Oggi cerco di lavorare su progetti che abbiano la possibilità di produrre impatti sociali in tempi più ristretti: magari non mirano a modificare le strutture profonde dei nostri sistemi sociali (onestamente credo di non esserne capace), però sono ancora una volta strumenti per creare consapevolezza e coesione, le basi di una rivendicazione lucida e di un atteggiamento proattivo e solidale di guardare al futuro. Vedo nella fruizione e nella produzione culturale non un orpello per cultori esperti o una nuova linea di business, ma un potente strumento per apprendere da dove veniamo, comprendere e agire il presente che viviamo, e intraprendere nuove forme di costruzione di futuri diversi. Con il mio modesto contributo e con il mestiere che ho imparato a fare vorrei riuscire a lasciare a questa città una occasione e qualche strumento in più per decidere cosa fare del proprio futuro, vivendo meglio questo presente: io mi auguro che sia una opzione socialmente inclusiva e sostenibile, basata sulla solidarietà e la consapevolezza e non sulla paura e la divisione (tra sessi, tra etnie, tra generazioni, tra poveri). Mi piacerebbe vivere quel cambiamento, ma nel frattempo attraverso la mediazione culturale, l’inclusione e la partecipazione e soprattutto grazie ad uno staff straordinario, stiamo provando a seminare quello che potrebbe servire al cambiamento. Faccio un esempio: il Monastero è sempre stato un colosso piantato al centro dell’Antico Corso, e ne ha determinato gioie (ci sono nuove economie e socialità che ne stanno giovando) e dolori (la gentrificazione a seguito della presenza universitaria è ormai storia consolidata): eppure oggi è anche una risorsa, uno spazio accessibile per studenti, liceali, abitanti storici, bambini, viaggiatori. Il suo utilizzo per attività di ogni genere aumenta esponenzialmente, alle volte in maniera spontanea (che bello!), molte volte in maniera organizzata (alle volte anche in maniera conflittuale). Non è merito nostro, ma noi abbiamo certamente dato un contributo. Questo è un punto davvero importante”.
Hai fornito una data di nascita precisa per l’Experia: cosa portò ad aprire un centro sociale nuovo? Chi eravate, un gruppo politico di giovani o altro? Cosa era un centro sociale per un ragazzo del 1992?

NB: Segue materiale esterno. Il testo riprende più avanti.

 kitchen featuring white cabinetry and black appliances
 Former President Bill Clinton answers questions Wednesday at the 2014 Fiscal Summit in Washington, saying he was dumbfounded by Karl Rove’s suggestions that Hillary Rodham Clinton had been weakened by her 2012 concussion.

“Venivamo dalle esperienze del Guernica di via Cervignano prima (tre anni) e di viale Rapisardi poi (tre mesi), ambedue sgomberate. Il Guernica era un centro sociale “classico” che si trovava in un quartiere molto borghese: uno “spazio liberato” che ospitava tutte le forme di cultura alternativa e antagonista: musica punk, graffiti, laboratori creativi, sala prove, centro di documentazione anti-imperialista, inziative di solidarietà internazionale, antiproibizionismo, ecc. Ma già nell’ultimo anno di vita del Guernica si sentiva il bisogno di un legame più forte con la città e il territorio, che si concretizzò con la solidarietà ai terremotati del 1990 del centro storico (principalmente Antico Corso), da un anno negli alberghi e per questo in protesta. Il gruppo che trasmigrò all’Experia era molto variegato, e i giovani (io avevo 19 anni) sentivano parzialmente superata l’esperienza dello spazio liberato. Tutti volevamo avere un ruolo più incisivo su quelle parti di città che esprimevano istanze sociali più marcate, conflittuali. Io avevo anche smesso di suonare nella band per cui avevo messo piede al Guernica per la prima volta… L’Experia doveva essere solo una occupazione temporanea, ma incisiva perché in un quartiere popolare denso di contraddizioni. Poi siamo rimasti lì per 18 anni circa“.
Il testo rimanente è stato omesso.